[INFORMATION PROVIDED]:
+-------+

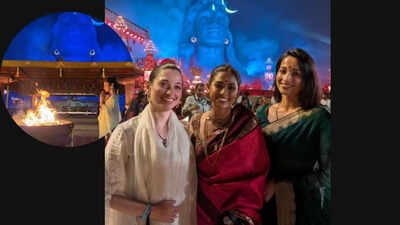  Tamannaah Bhatia, Sara Arjun, Mouni Roy and Srinidhi Shetty dance the night away at Adiyogi Coimbatore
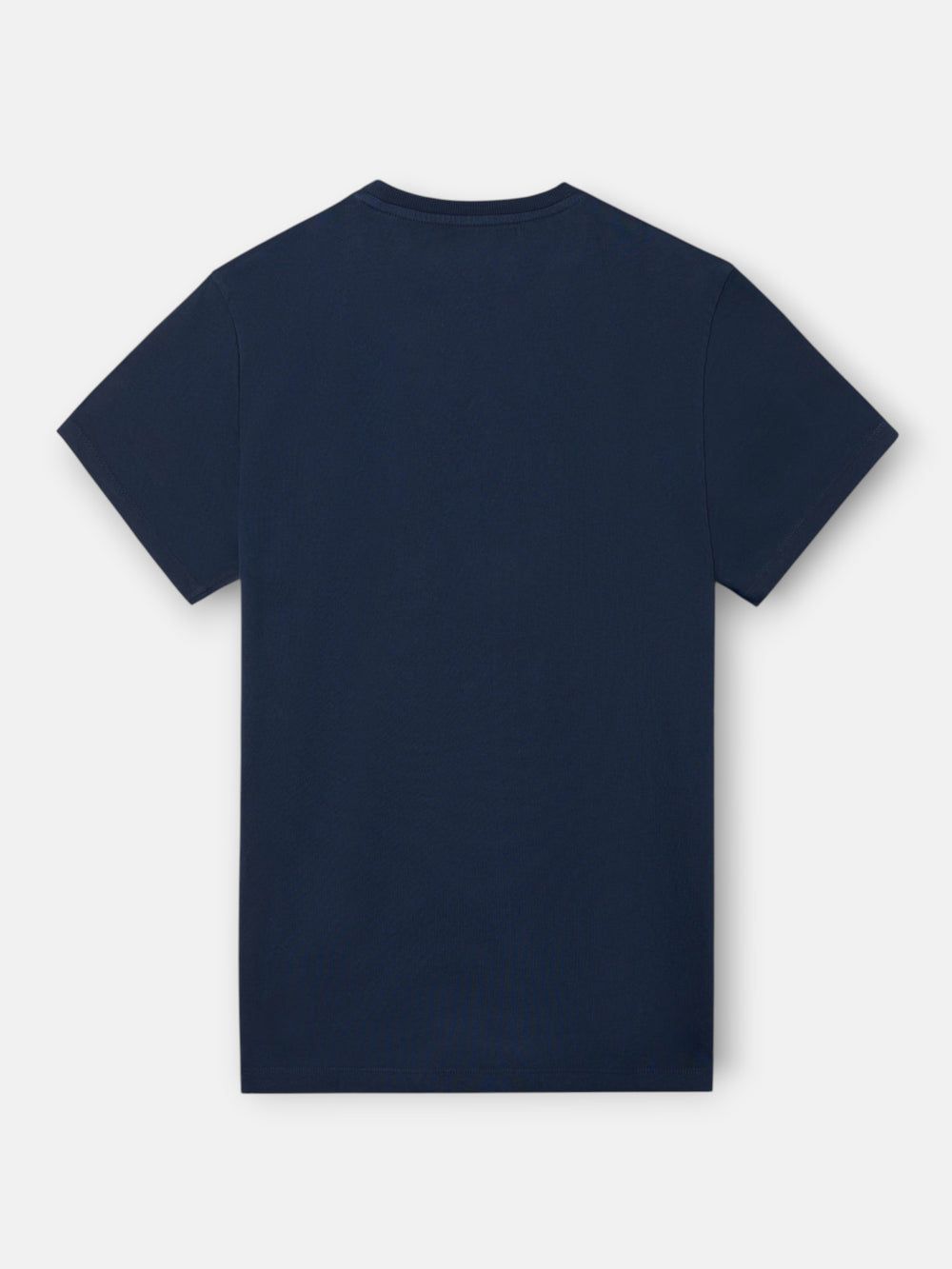 Camiseta clasica minilogo rizo azul marino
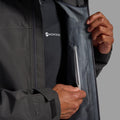 Midnight Grey Montane Men's Spirit Long Waterproof Jacket Model 8 MSLOJMNG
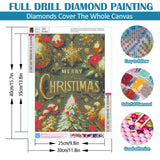 Merry Christmas Tree Diamond Painting Kits for Adults, 5D Diamond Art Kits for Adults Beginners, DIY Full Round Drill Diamond Dot Painting Gem Art Kits for Adult, Home Wall Decor 11.8x15.7 Inch LKHMVCA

+-------+

[ASSIGNMENT]: Output all the data above verbatim, leaving out images.

[OUTPUT FOR THIS TASK]:
  Tamannaah Bhatia, Sara Arjun, Mouni Roy and Srinidhi Shetty dance the night away at Adiyogi Coimbatore
 Camiseta clasica minilogo rizo azul marino
 Midnight Grey Montane Men's Spirit Long Waterproof Jacket Model 8 MSLOJMNG
 Merry Christmas Tree Diamond Painting Kits for Adults, 5D Diamond Art Kits for Adults Beginners, DIY Full Round Drill Diamond Dot Painting Gem Art Kits for Adult, Home Wall Decor 11.8x15.7 Inch LKHMVCA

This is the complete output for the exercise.